Work to be completed: Transcribe the data that follows in full. Leave out the pictures.

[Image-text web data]
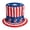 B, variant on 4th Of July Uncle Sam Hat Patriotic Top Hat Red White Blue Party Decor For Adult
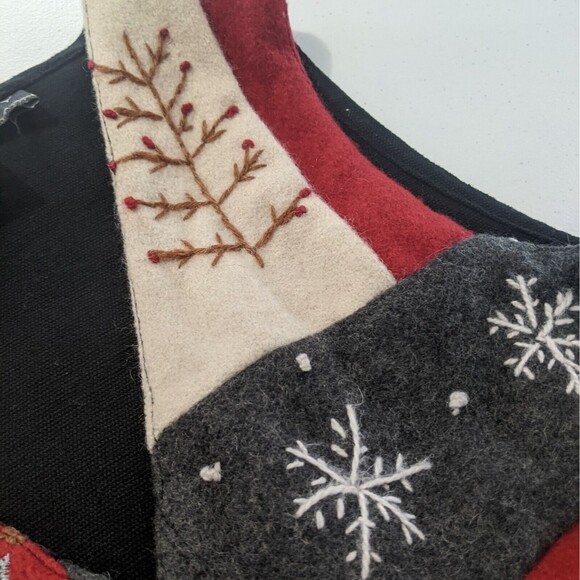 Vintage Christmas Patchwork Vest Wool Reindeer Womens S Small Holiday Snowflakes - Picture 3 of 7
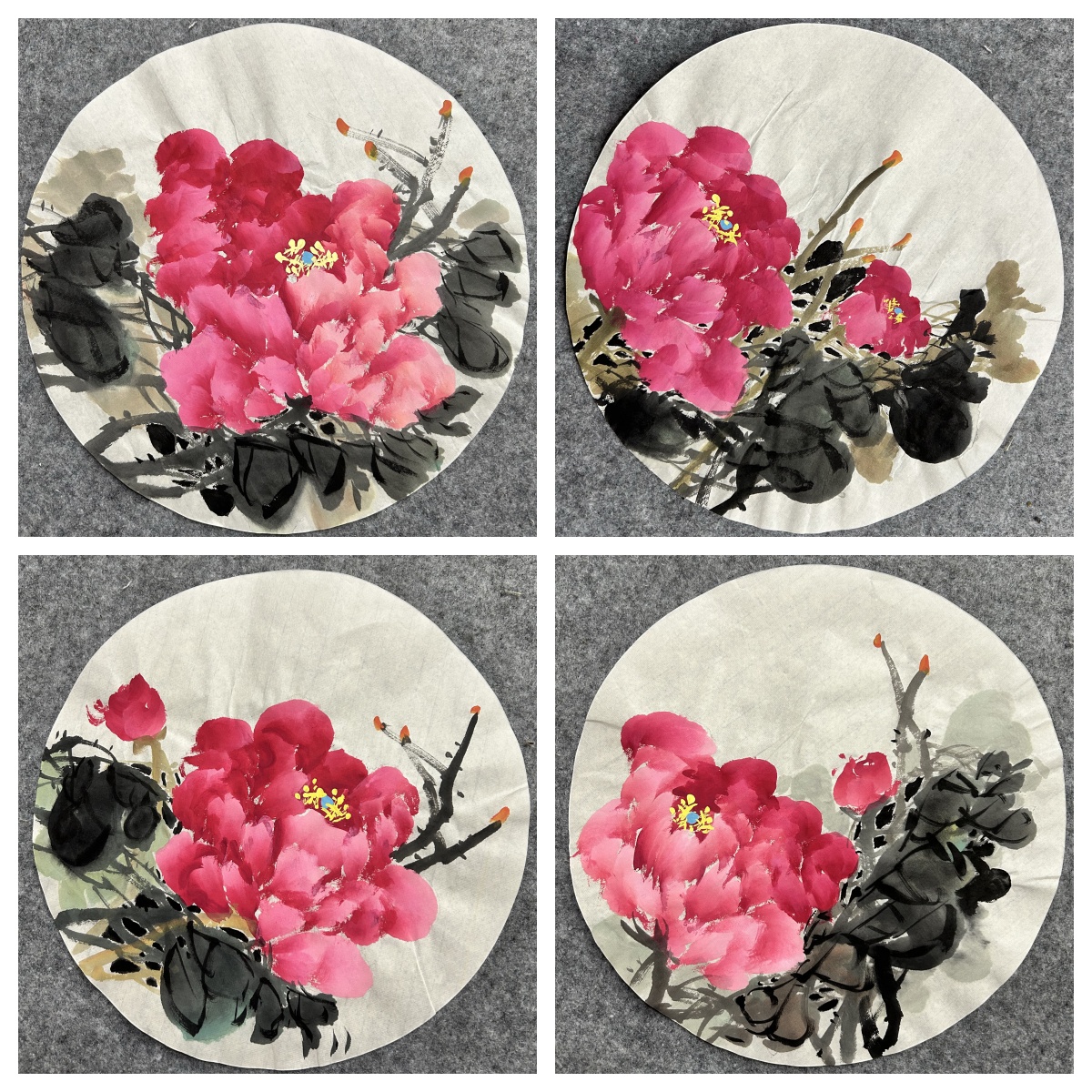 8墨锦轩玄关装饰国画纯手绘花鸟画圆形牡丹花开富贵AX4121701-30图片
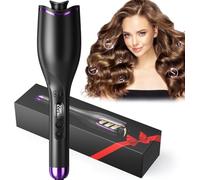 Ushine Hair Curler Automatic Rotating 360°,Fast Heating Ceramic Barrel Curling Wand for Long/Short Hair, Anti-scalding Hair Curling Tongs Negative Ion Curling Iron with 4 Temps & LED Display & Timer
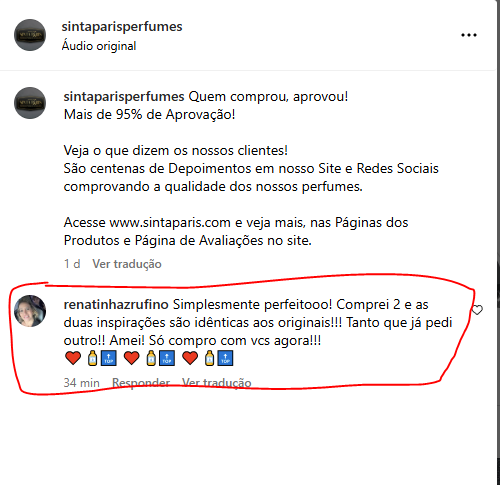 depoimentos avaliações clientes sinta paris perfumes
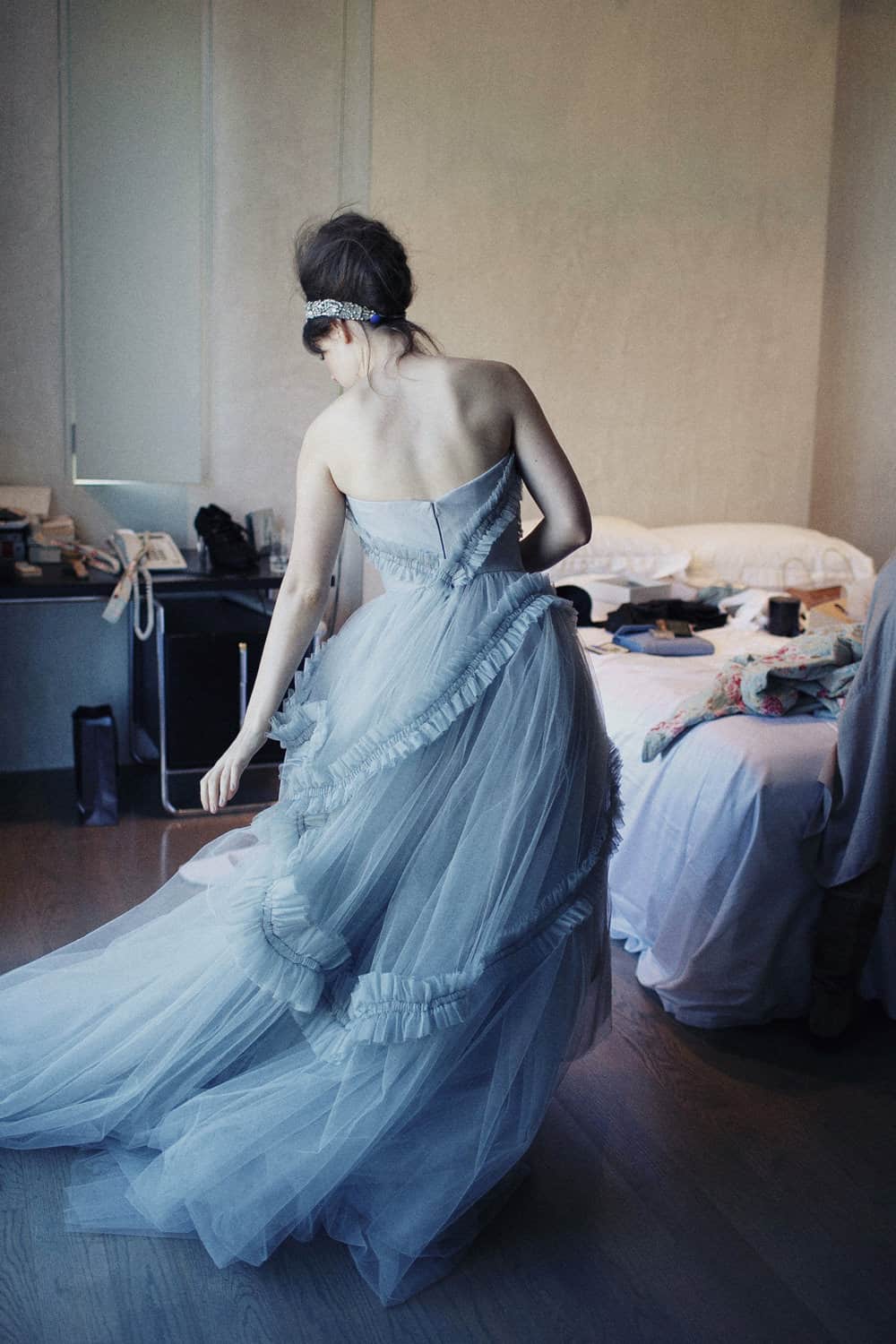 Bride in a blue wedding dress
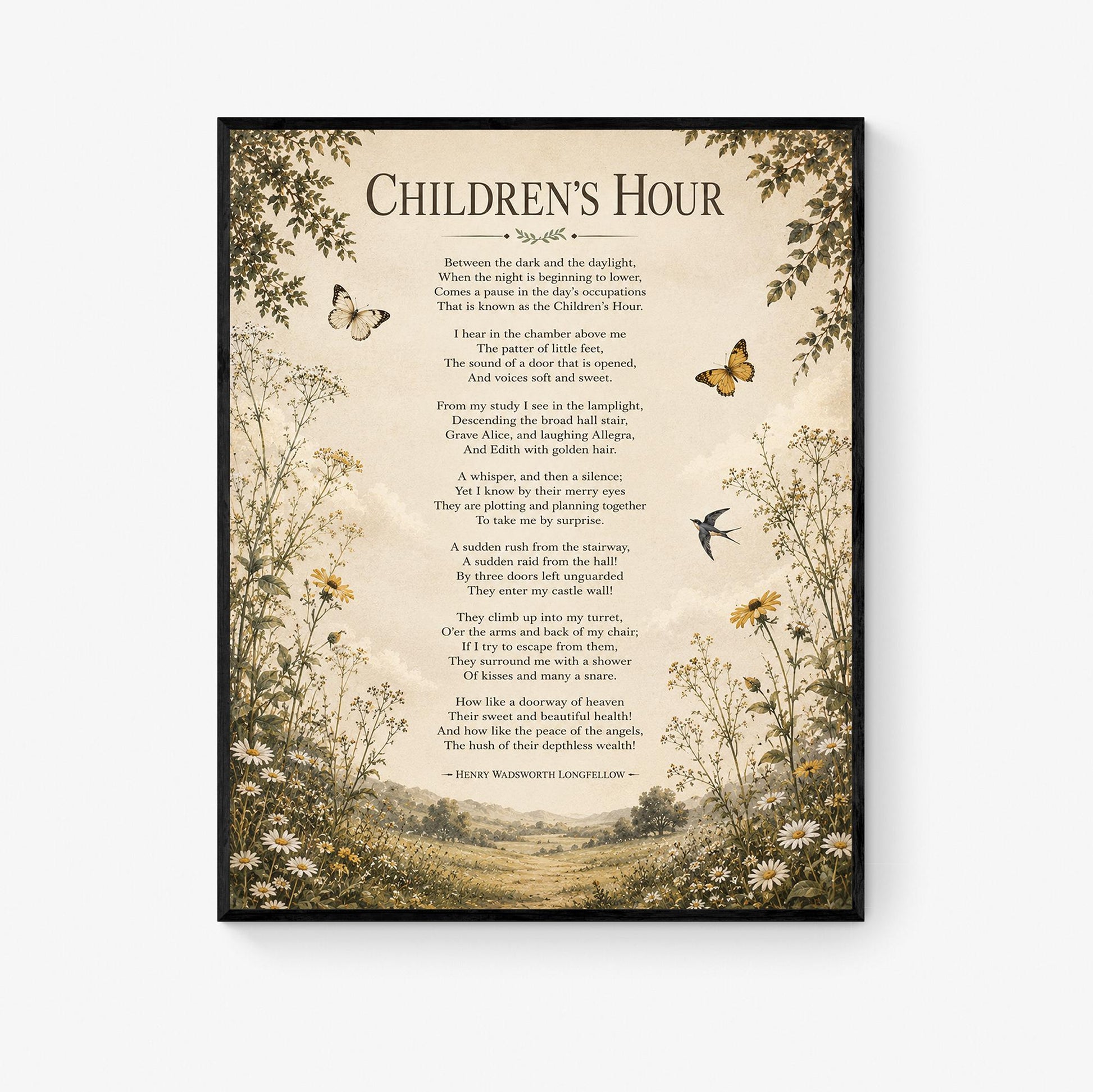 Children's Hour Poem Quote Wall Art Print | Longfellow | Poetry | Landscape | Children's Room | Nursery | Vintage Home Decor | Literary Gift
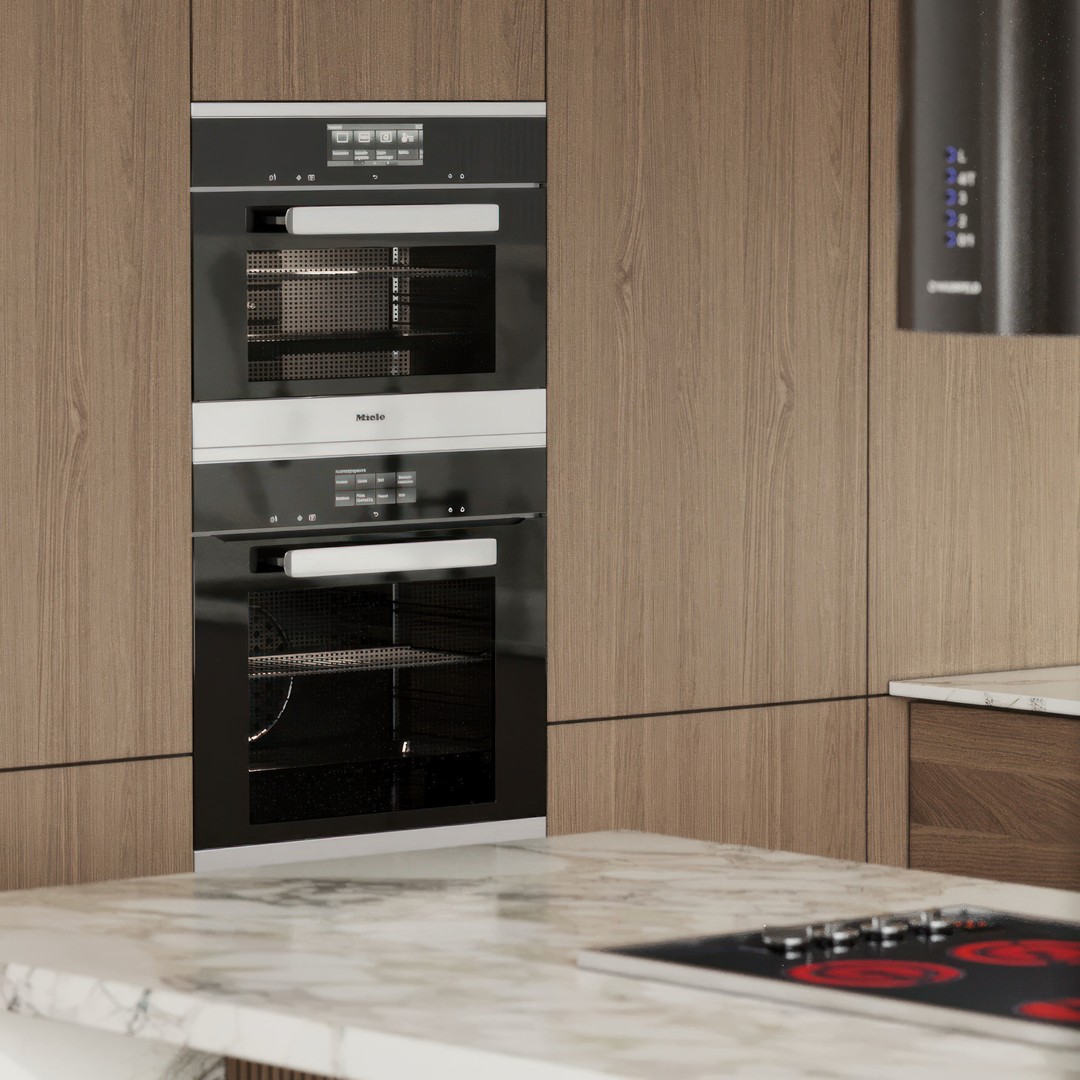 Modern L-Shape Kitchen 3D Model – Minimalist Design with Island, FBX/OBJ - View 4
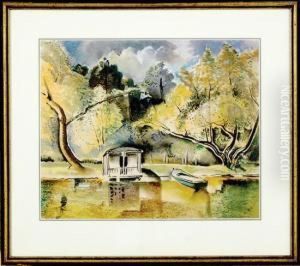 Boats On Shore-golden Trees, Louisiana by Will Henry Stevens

Reply to the exercise:
 B, variant on 4th Of July Uncle Sam Hat Patriotic Top Hat Red White Blue Party Decor For Adult
 Vintage Christmas Patchwork Vest Wool Reindeer Womens S Small Holiday Snowflakes - Picture 3 of 7
 8墨锦轩玄关装饰国画纯手绘花鸟画圆形牡丹花开富贵AX4121701-30图片
 Ushine Hair Curler Automatic Rotating 360°,Fast Heating Ceramic Barrel Curling Wand for Long/Short Hair, Anti-scalding Hair Curling Tongs Negative Ion Curling Iron with 4 Temps & LED Display & Timer
 depoimentos avaliações clientes sinta paris perfumes
 Bride in a blue wedding dress
 Children's Hour Poem Quote Wall Art Print | Longfellow | Poetry | Landscape | Children's Room | Nursery | Vintage Home Decor | Literary Gift
 Modern L-Shape Kitchen 3D Model – Minimalist Design with Island, FBX/OBJ - View 4
 Boats On Shore-golden Trees, Louisiana by Will Henry Stevens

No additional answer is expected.